→ Exercise: Repeat exactly the lines below from the line that contains "Sphaeralcea cordobensis" to the last line, inclusive, without the pictures.

→ Information shown:
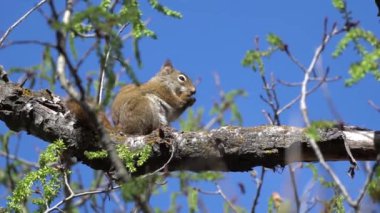Uzun bir çam ağacına tırmanmadan önce tohum toplayan canlı bir sincabı yerde koşarken izleyin. Bu kısa videolar sincabın doğal davranışını ve çevikliğini gösteriyor.. 
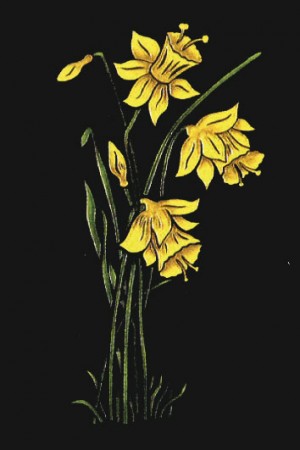 Daffodils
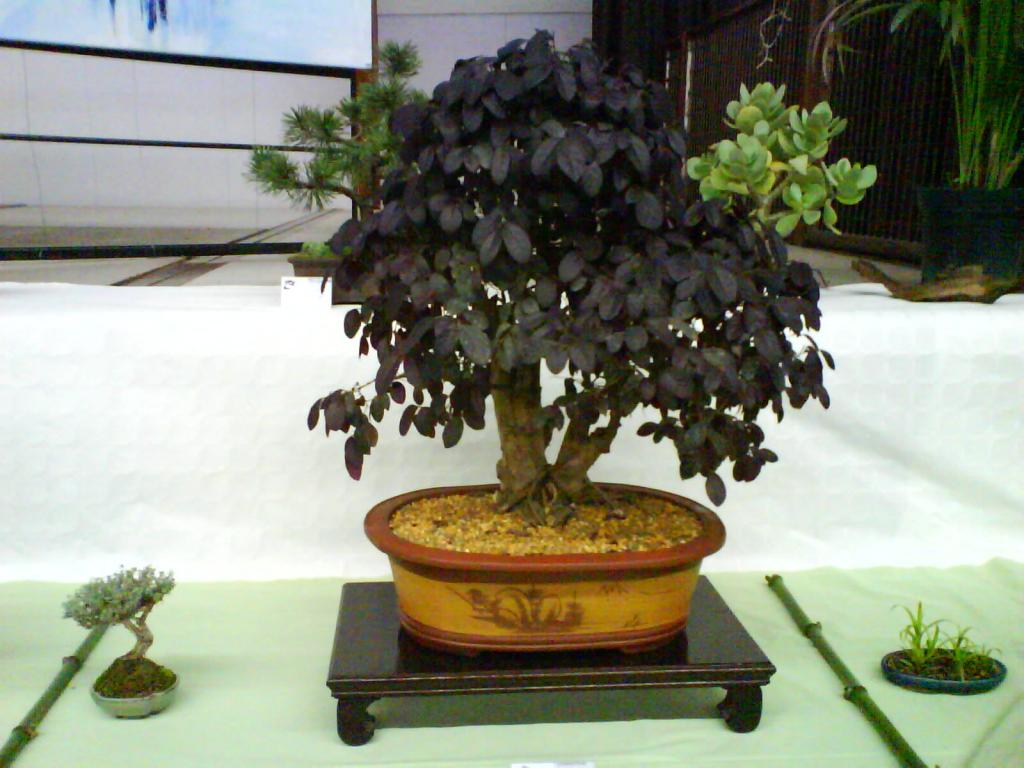Image: 45a-2007--35b8fc.jpg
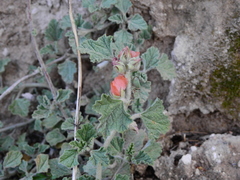 Sphaeralcea cordobensis
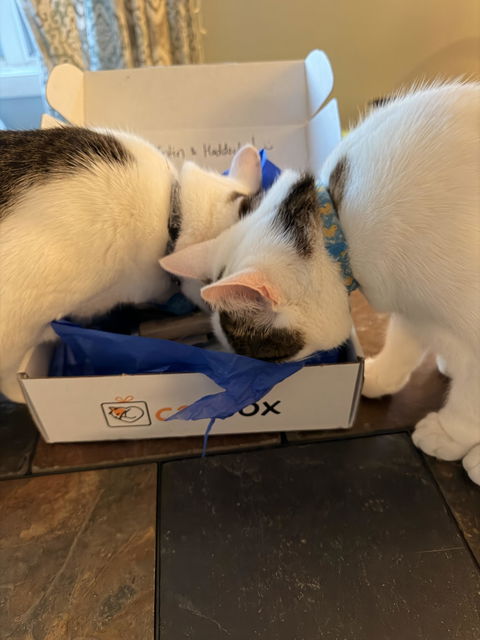 catbox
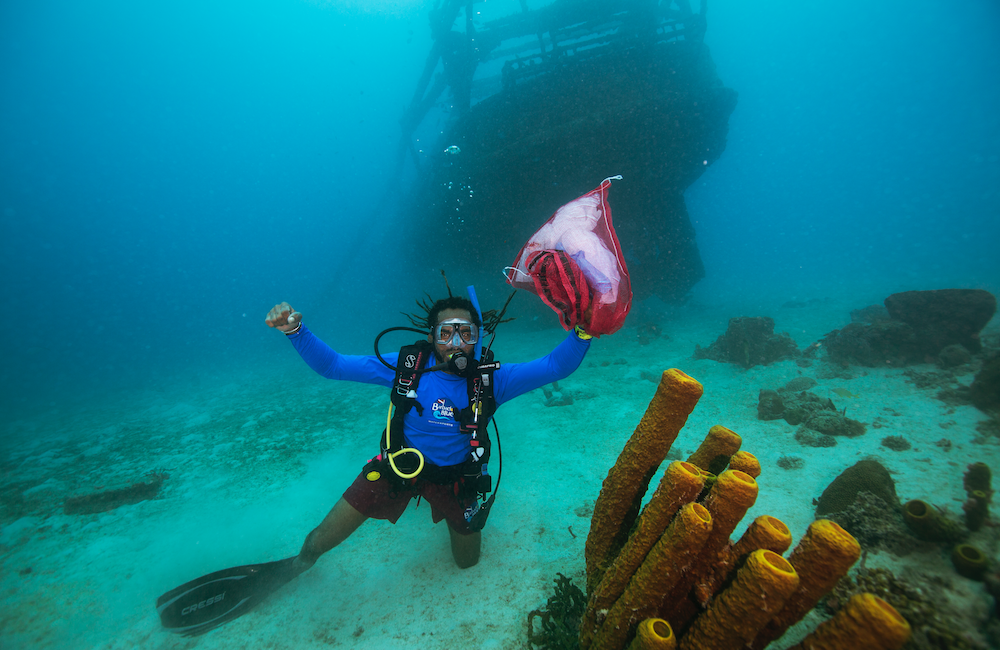 Giving Back to the Ocean and Marine Life We All Love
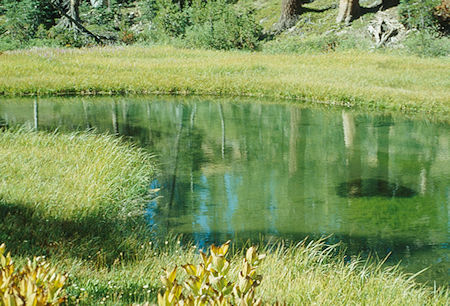 Pond at Stevenson Meadow - Ansel Adams Wilderness - Aug 1993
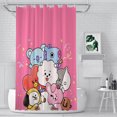 BT21 Compartment shower curtain for small bathroom, cute shower curtain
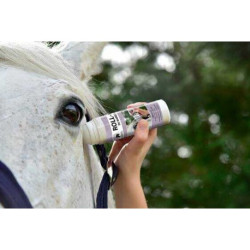 Roll-On du Maréchal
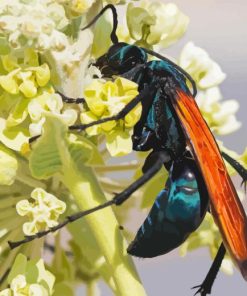 Tarantula Hawk Flower Diamond Painting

→ Response area:
 Sphaeralcea cordobensis
 catbox
 Giving Back to the Ocean and Marine Life We All Love
 Pond at Stevenson Meadow - Ansel Adams Wilderness - Aug 1993
 BT21 Compartment shower curtain for small bathroom, cute shower curtain
 Roll-On du Maréchal
 Tarantula Hawk Flower Diamond Painting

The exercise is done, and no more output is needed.